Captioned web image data
__________

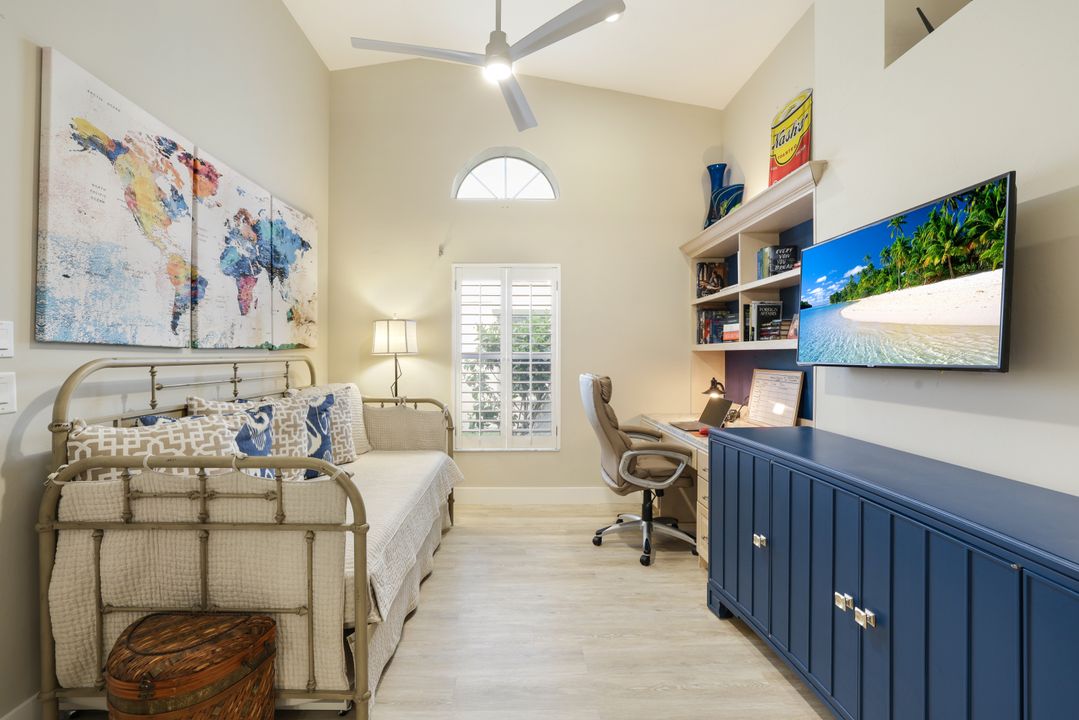 780 Wiggins Bay Dr, Naples, FL 34110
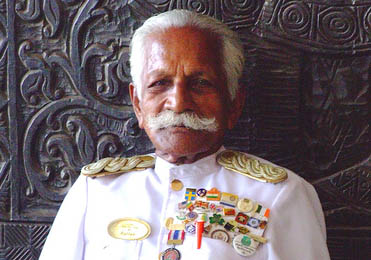 Sri Lankaâ€™s legendary doorman turns 90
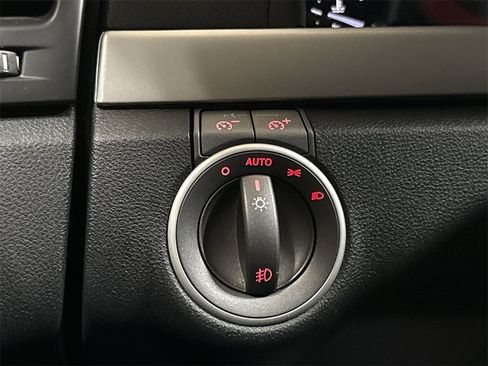 Used 2009 Pontiac G8 GT w/ Premium Package image 16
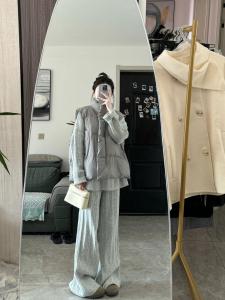 Winter Thickened Cotton Jacket Slimming Womens Three-Piece Set Knitted Sweater Vest Pants New Years Fashion Ensemble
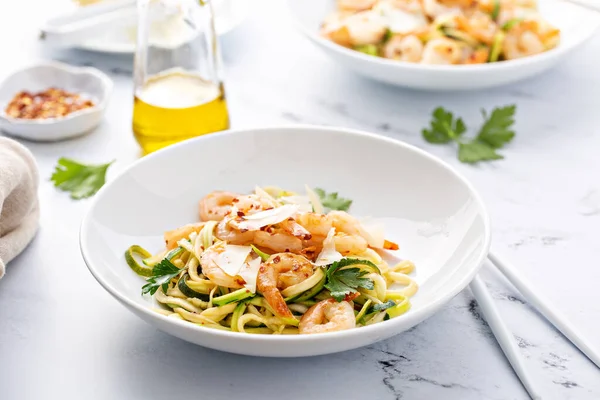 Räkor och zucchini nudlar pasta med parmesan — Stockfoto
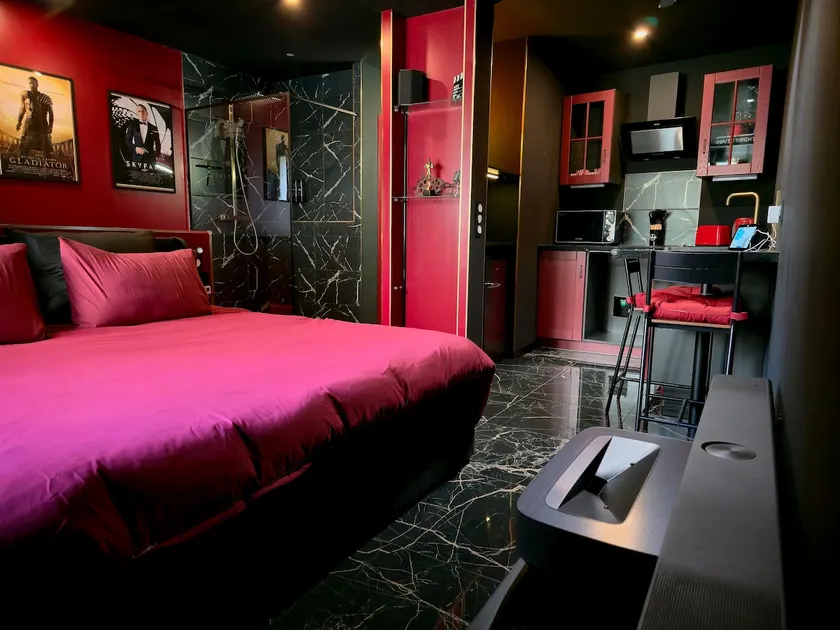 Movie Room – King-Size - Cine Suite in City Center - Image 1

__________

_How to complete this task_
Your task is to reproduce exactly the lines running from the line that contains "Sri Lankaâ€™s legendary doorman turns 90" to the end of the records, pictures excluded.

_Answer area_
 Sri Lankaâ€™s legendary doorman turns 90
 Used 2009 Pontiac G8 GT w/ Premium Package image 16
 Winter Thickened Cotton Jacket Slimming Womens Three-Piece Set Knitted Sweater Vest Pants New Years Fashion Ensemble
 Räkor och zucchini nudlar pasta med parmesan — Stockfoto
 Movie Room – King-Size - Cine Suite in City Center - Image 1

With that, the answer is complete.